第2話 落ちこぼれが落ちた『罠』
巨大な地下駐車場で長身が目に付く体格の良い青年が辞令を片手に首をかしげていた。

その大きな体の割に自信がなさそうな表情で見る者にどこか頼りない印象を植え付けた。
「遼州同盟会議・遼州同盟司法局実働部隊、機動部隊第一小隊に配属する……って、なんだよこれ?遼州同盟司法局って何?」
「せっかく『パイロット志望』ってことで無理やり課程を消化したのに……なんでパイロットと関係なさそうな部署に行かなきゃならないんだ?」
長身の青年、
「遼州同盟司法局……って何?」
「司法局って、警察とか裁判所のことだよな?」
「……いや、なんでそんなところに僕が行くの?なんでパイロット関係ないんじゃないの?」
そう言って誠は周りを見回した。
朝の出勤時間と言うこともあり、通り過ぎる人も少なくはない。
それでも誠を気にかけることなく、大柄の誠をかわして自動ドアを出たり入ったりしていた。
「東和共和国宇宙軍総本部の人事課まで、出てこいって言われて来たのに。辞令を渡されて地下三階の駐車場入り口で女の人が迎えに来るから待ってろって言われても……」
誠は先ほどの東和宇宙軍の総本部の人事課での出来事を思い出しながら独り言を続けた。
「それに、人事の担当者は、遼州同盟司法局実働部隊のことを『特殊な部隊』だって説明してたけど……なんだよ、それ?」
誠はそう言って大きくため息をついた。
今、誠がいるのは地球から一千光年以上離れた植民第二十四番星系、第三惑星『遼州』。
そこに浮かぶ火山列島は『東和共和国』と呼ばれていた。
『東和共和国』は中立を国是とし、戦乱のうち続く遼州星系にあって平和に繁栄を続けていた。
その首都の『東都』の都心。そこにたたずむ赤レンガで知られる建物が東和宇宙軍総本部だった。
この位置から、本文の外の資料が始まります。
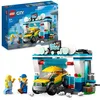Image de LEGO 60362 City La Station de Lavage, Jouet pour Enfants Dès 6 Ans, Garçons, Filles, Set avec Brosses à Laver Rotatives, Voiture et 2 Minifigurines, Petite Idée Cadeau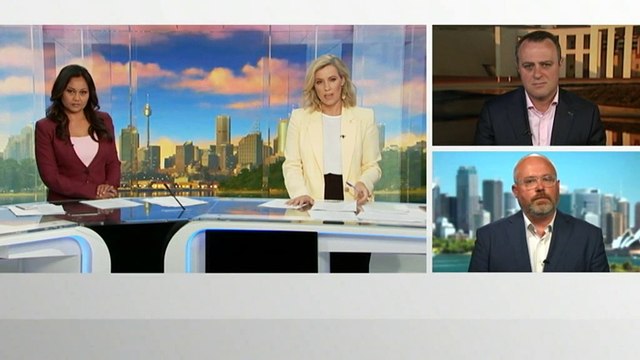 17 New Zealanders caught entering Melbourne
地下三階駐車場。目の前には駐車場と言うだけあり、どこを見ても車だらけ。
九時の開庁直後とあって、車の出入りが激しく、呆然と立ち尽くす誠の横を人が頻繁に本部建物と駐車場の間を行き来している。
誠は、辞令とわずかな荷物を持ち、呆然と立ち尽くしていた。
七月半ば過ぎ。そもそも大学卒業後、幹部候補教育を経てパイロット養成課程を修了した東和宇宙軍の新人パイロットが、この時期に辞令を持っていることは奇妙なことだった。
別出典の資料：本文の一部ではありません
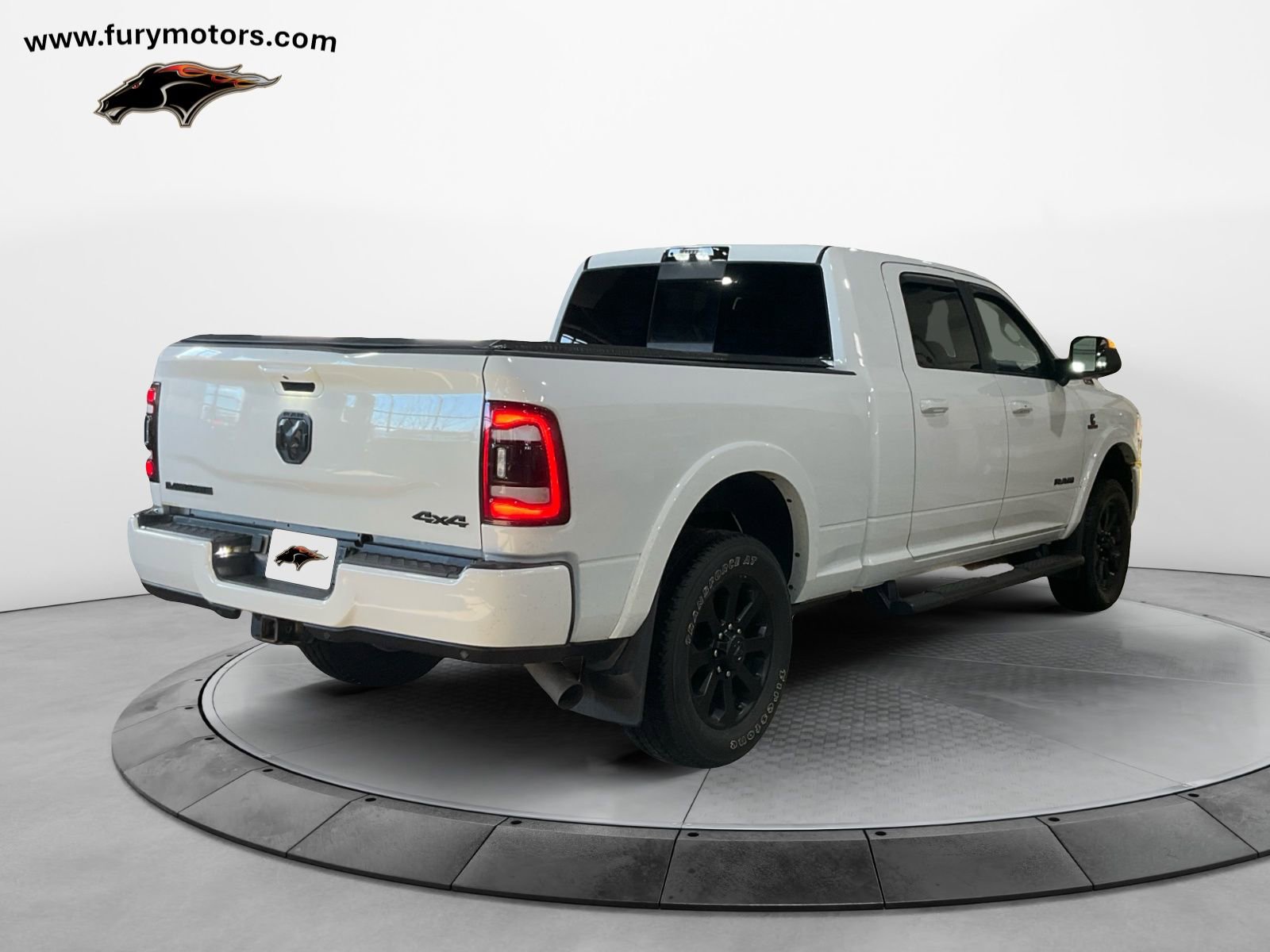 Used 2022 RAM 3500 Laramie AWD/4WD image 3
前年の三月から始まる大卒全入隊者に行われる幹部候補教育は半年であった。
その後、志望先に振り分けられ、各コースで教育が行われるわけだが、パイロット志望の場合においてその期間は一年である。
本来ならばその時点、六月に配属となるのだが、教育課程の半年を過ぎたあたりから見どころのある候補生は各地方部隊に次々と引き抜かれていく。
課程修了時点では全志望者の半数が消えている。それが普通なら六月の出来事である。
しかし、誠にはどの部隊からも全くお呼びがかからなかった。
教育課程の修了式で教官から誠が伝えられたのは、『自宅待機』と言う一言であった。
誠にもその理由は分かっていた。
誠は操縦が『下手』である。下手という次元ではない。ド下手。使えない。役立たず。無能。そんな自覚は誠にもある。
運動神経、体力、動体視力。どれも標準以上。と言うよりも、他のパイロット候補生よりもその三点においては、引けを取らないどころか絶対に勝てる自信が誠にもあった。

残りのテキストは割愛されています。